While I was away I had the chance to read a few books. Two in particular had a sizeable impact on me. The first was ‘High Priest’ by the late, great, Timothy Leary. The second was a quick read called ‘enlightenment blues’ and chronicled a student who had spent well over twelve Years with a man called Andrew Cohen. Some of you may be familiar with Andrew as he is the editor of WIE magazine (what is enlightenment), and has had numerous public dialogues with Ken Wilbur. I never liked Andrew’s teaching, or methodology. But after reading these two books together, the distinction between a true genius and visionary prophet like Leary, and the confused egocentric teachings of someone like Cohen, became crystal clear.
So like my entry on my recent Germany & Scotland trip I will intersperse a day by day account of my visit to Singapore with some of the ideas that sprouted up from these two contrasting pieces of literature.

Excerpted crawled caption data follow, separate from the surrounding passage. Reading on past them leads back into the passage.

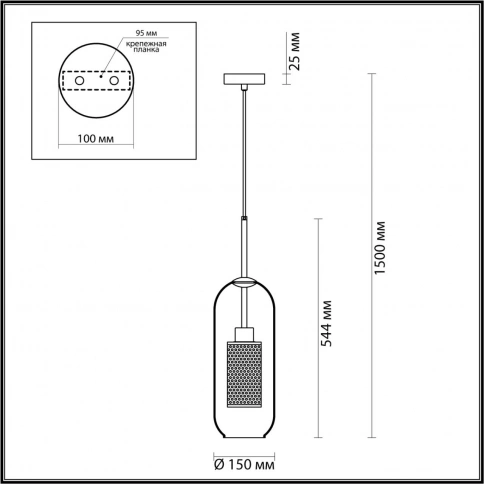 4940/1 PENDANT ODL22 467 античн.бронза/металл/прозрачный/стекло Подвес E27 1*40W CLOCKY фото 1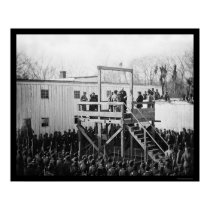 Execution of Captain Henry Wirz 1865 posters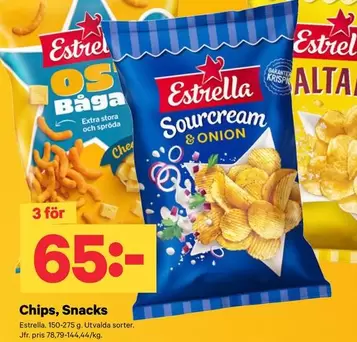 Estrella - Sourcream & Onion Chips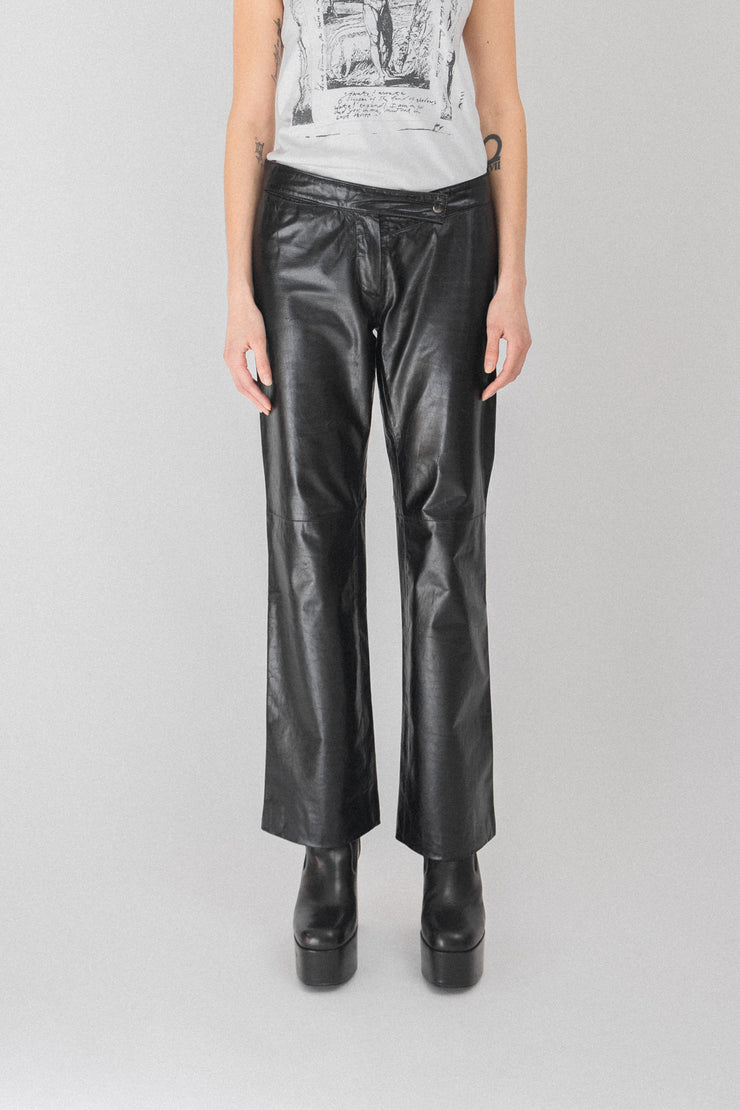 ANN DEMEULEMEESTER - SS01 Leather pants – L'OBSCUR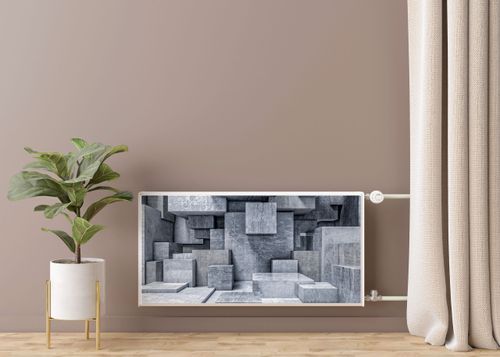 Osłona MAGNETYCZNA Kaloryfera Betonowe Bloki Efekt 3D 100cm x 60cm na Arena.pl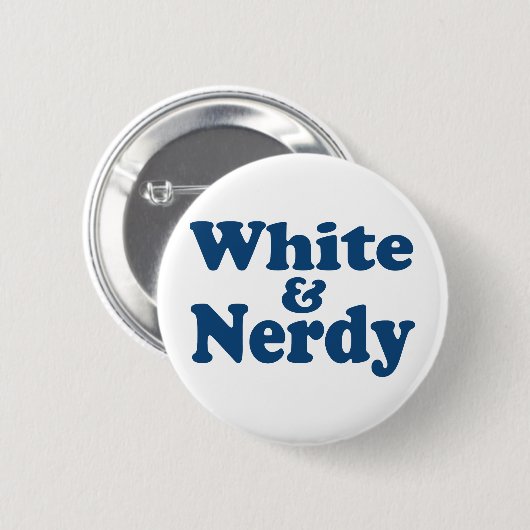 Weiß und Nerdy Button (Vorne & Hinten)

O Muses, O great genius, aid me now!
O memory that wrote down what I saw, here shall your noble character be shown.
- Dante
Singapore Day #1 - Lakshmi’s blessing. . . .
It’s been a 24 hour trip. . .it is about 2am I just arrived an hour or so ago in Singapore. It is hot, humid, and good to be back. I am walking from my hotel to a small shop to get some late night food. I am stopped along the way and my attempts to get back to the pool are halted. A young women asks my name and asks me quite matter of factly if I have any idea why humans are on this planet? I figure it must be some sort of trick question, and I am also a little taken back by the sudden turn the conversation has taken, (though at this point in my life not completely surprised) and decline an answer. Honestly I say, “I have no idea”. She then precedes to show me her necklace, it is the Goddess Lakshmi, a popular Indian vision of the divine as she is supposed to bring wealth and good fortune to the home and family.

She precedes to tell me all about Lakshmi, and I nod as if I have no real idea what she is talking about. . .I think about half way through she gathered that perhaps I did, and smiling asks if there is anything I would ask her for if she was here now?. . . “No” I say, but I appreciate the consideration. . . .She asks me if I have read Tolstoy? “No, I have not, why?”. . . She say’s “Tolstoy knew that we need to remember that knowing that we don’t know is really knowing". . . and I take that as a clear sign to be quiet. . . . . . .back to the pool.
It will be one of ‘those’ trips.

“We are two billion year old carriers of the light, born not of blood, or the will of man, or the will of the flesh, but of light that flashed in the pre-Cambrian mud, the Light made flesh.”
-Timothy Leary
Leary was the golden boy of modern psychology. Noted Harvard professor, and keeper of the established patterns. That is until the Year 1960 in Cuerenavaca Mexico. It was there that he first took part in the sacrament of the Native Indian religion in the area. Here is his description of that experience:
“I discovered that beauty, revelation, sensuality, the cellular history of the past, God, the Devil, all exist inside my body, outside my mind.”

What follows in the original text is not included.